**What you are asked to do**
When a line in the records contains the string "James", copy that line.

**Records to use**
►

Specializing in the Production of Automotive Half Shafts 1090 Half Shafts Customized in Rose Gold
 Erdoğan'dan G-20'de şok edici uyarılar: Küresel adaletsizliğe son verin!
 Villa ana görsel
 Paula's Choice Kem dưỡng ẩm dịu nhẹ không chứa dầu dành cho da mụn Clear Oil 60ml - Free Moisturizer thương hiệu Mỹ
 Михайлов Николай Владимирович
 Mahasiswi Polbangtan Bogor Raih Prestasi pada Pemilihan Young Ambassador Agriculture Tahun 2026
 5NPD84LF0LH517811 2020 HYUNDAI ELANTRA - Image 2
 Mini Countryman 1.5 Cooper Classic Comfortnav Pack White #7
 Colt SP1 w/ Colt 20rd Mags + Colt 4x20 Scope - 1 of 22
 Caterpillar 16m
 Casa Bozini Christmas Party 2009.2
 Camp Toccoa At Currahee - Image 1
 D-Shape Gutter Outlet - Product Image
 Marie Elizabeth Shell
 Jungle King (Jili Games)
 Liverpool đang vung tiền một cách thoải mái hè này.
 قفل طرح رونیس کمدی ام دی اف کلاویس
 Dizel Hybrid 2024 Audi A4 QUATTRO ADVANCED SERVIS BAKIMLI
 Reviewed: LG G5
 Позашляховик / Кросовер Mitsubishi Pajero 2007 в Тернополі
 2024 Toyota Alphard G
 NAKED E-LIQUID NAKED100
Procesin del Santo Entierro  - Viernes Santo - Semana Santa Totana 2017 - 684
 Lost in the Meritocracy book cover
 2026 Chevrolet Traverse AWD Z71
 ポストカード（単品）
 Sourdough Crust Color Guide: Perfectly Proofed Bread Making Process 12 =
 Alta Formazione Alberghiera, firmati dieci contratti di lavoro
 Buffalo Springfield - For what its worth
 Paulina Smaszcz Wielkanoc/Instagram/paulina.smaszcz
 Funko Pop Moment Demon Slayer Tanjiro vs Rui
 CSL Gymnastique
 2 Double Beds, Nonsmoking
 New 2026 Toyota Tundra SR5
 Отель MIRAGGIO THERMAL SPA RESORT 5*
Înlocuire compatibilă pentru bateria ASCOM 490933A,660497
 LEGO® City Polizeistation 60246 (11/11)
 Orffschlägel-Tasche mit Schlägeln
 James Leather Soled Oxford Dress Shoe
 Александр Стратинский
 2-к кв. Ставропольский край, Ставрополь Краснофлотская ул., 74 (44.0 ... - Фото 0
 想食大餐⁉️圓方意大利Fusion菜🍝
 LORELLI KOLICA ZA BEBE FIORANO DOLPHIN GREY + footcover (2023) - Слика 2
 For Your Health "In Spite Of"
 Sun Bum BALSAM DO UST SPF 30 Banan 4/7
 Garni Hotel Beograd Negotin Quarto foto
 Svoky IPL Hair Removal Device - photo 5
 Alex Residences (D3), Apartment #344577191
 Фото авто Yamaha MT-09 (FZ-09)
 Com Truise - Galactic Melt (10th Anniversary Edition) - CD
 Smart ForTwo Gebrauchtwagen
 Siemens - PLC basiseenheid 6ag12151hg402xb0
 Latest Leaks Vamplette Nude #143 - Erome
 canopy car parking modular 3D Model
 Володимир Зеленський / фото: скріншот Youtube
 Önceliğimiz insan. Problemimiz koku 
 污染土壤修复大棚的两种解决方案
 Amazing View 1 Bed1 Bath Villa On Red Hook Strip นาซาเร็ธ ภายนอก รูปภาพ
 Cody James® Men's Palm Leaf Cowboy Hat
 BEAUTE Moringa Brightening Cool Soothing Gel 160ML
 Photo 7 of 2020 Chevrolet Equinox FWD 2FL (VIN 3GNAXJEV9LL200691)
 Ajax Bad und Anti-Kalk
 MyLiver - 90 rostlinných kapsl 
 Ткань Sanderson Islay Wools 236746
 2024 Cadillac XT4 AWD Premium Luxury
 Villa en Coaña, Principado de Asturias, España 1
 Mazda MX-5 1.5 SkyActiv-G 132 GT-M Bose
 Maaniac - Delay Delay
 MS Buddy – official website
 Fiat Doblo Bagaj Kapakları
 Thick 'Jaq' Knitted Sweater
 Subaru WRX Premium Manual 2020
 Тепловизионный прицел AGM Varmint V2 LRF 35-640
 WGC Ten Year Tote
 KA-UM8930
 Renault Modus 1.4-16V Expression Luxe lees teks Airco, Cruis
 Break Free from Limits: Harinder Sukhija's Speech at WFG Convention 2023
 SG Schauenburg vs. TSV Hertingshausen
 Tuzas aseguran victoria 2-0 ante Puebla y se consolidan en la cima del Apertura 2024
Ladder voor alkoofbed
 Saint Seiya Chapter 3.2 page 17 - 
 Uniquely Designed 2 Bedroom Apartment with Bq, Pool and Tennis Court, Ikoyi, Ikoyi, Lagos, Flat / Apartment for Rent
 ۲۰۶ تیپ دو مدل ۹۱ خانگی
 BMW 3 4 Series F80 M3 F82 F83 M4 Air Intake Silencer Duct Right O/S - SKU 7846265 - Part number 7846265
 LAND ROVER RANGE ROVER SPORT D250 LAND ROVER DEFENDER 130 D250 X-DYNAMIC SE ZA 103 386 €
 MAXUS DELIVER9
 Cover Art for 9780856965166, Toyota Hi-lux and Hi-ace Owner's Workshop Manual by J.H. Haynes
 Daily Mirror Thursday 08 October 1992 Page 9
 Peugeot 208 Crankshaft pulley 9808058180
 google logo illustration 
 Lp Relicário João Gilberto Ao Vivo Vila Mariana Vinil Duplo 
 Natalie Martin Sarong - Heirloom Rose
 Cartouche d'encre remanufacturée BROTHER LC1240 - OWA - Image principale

◄

**Response**
 James Leather Soled Oxford Dress Shoe
 Cody James® Men's Palm Leaf Cowboy Hat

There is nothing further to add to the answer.